Revision history for this message

Seth Arnold (seth-arnold) wrote on 2018-01-17:

Hello Jan, the Xen hypervisor is community supported; we can't guarantee that it will be updated for this. The kernel patches to try to mitigate these issues are huge and very complicated -- if they are any indicator of the scale of the Xen patches, it may not be feasible to release updates for these issues.

intel-microcode has been released https://usn.ubuntu.com/usn/usn-3531-1/ but enough people have reported regressions to Intel that we have not yet pushed this update to all users via additional package dependencies. People who already had the package installed should have it now, and we haven't heard many (if any) reports about trouble, but your results may differ. I have not heard any timelines for delivering updated microcode.

I understand the AMD microcode update is coming shortly after AMD signs it.
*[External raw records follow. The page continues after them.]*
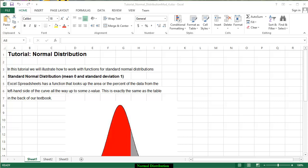In this tutorial, we're going to illustrate how to work with the function for the standard normal distributions. The standard normal distribution means that the mean is zero and it has a standard deviation of one.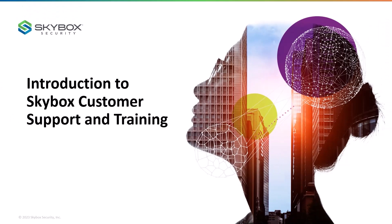Hi, I want to introduce you to the Skybox Customer Support Community and the Skybox Online Training Portal.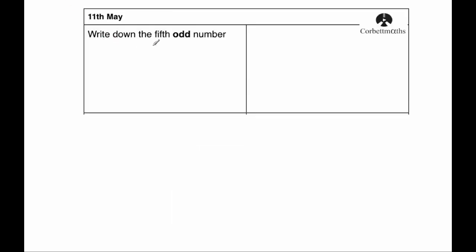Our first question says to write down the fifth odd number. So let's list the odd numbers. They are 1, 3, 5, 7, 9. So the fifth odd number would be 9.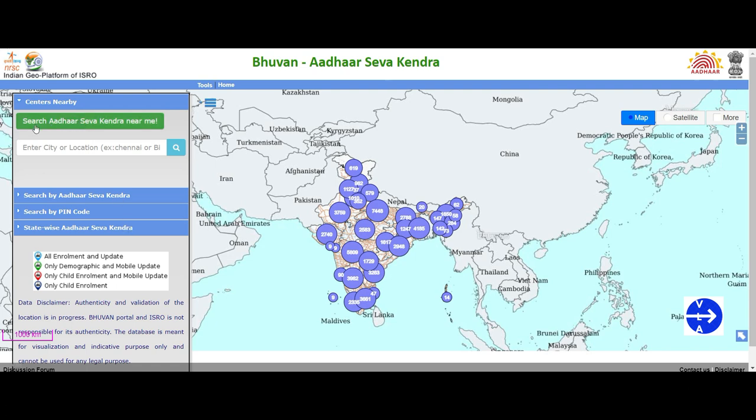You can check the search by Aadhaar Seva Kendra near me. If you are using Aadhaar Seva Kendra, you can use the website easily to search for more information. The next option is search by Aadhaar Seva Kendra. You can use a name to find the site and go and get a service.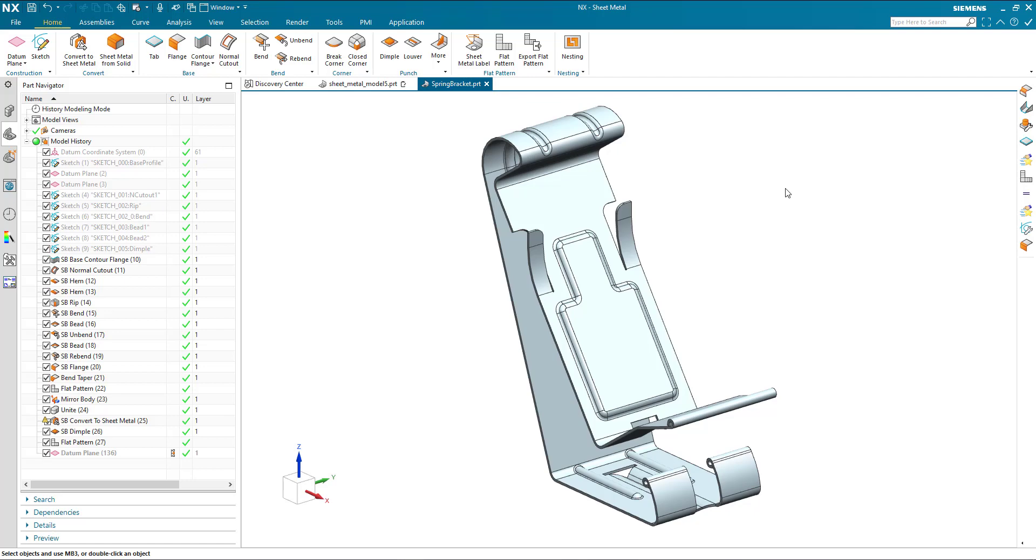So here's a short video about the user interface when using NX Sheet Metal. I've got a part on screen and a number of features in my part navigator. I'm looking at my ribbon with all the commands there.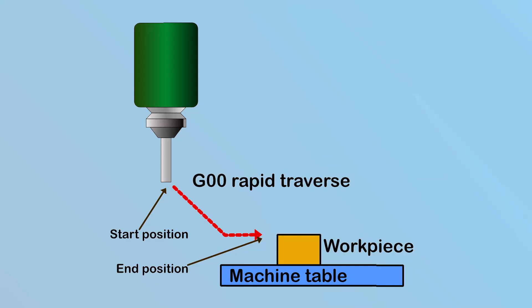G00 is used for rapid moves. It instructs the machine to move as quickly as possible to the specified position. However, the path it takes may not be linear.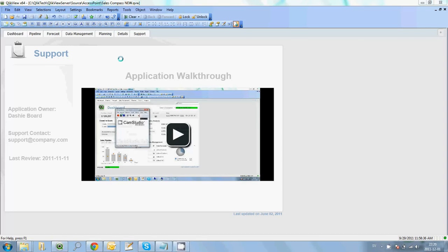We're now going to look at how you can actually embed and leverage video inside QlikView. We have built a small extension object that allows you to embed HTML5 videos with Flash fallback support. It should support any modern browser, works in the iPad, works in the iPhone, and should also have support for older versions of Internet Explorer.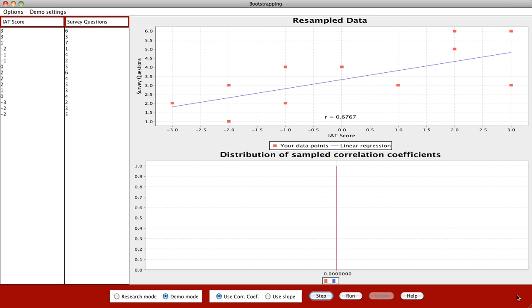This demonstration is an overview of the correlation bootstrapping applet, which you can use to test for the significance of correlations from a small sample of subjects.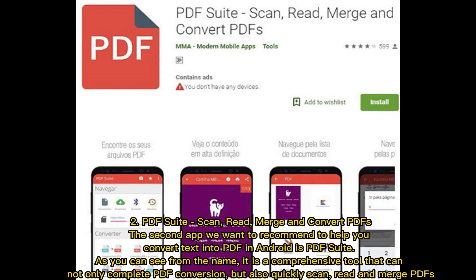The second app is PDF Suite — Scan, Read, Merge, and Convert PDFs. The second app we want to recommend to help you convert text into PDF on Android is PDF Suite. As you can see from the name, it is a comprehensive tool that can not only complete PDF conversion, but also quickly scan, read, and merge PDFs.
See https://wiki.ubuntu.com/SecurityTeam/KnowledgeBase/SpectreAndMeltdown for more details.

Thanks

Changed in intel-microcode (Ubuntu):
status:	New → Confirmed
Changed in xen (Ubuntu):
status:	New → Confirmed

Revision history for this message

Jan Kellermann (jan-kellermann) wrote on 2018-02-07:

Hi, we use Ubuntu as Dom0 and like this solution. But we need some information if there would be solutions in the near future.

Ubuntu 16.04 use xen-hypervisor 4.6. So PVH, PVH shim or HVM shim can not be used.
For 4.6 exists a mitigation "Xen PTI" (see http://xenbits.xen.org/xsa/xsa254/README.pti).
Will xen-hypervisor 4.6 be updated?

Will xen-hypervisor 4.9 (Ubuntu Bionic) get the patches for PVH, PVH shim or HVM shim?

PVH seems the best solution. Will this supported by Ubuntu Bionic?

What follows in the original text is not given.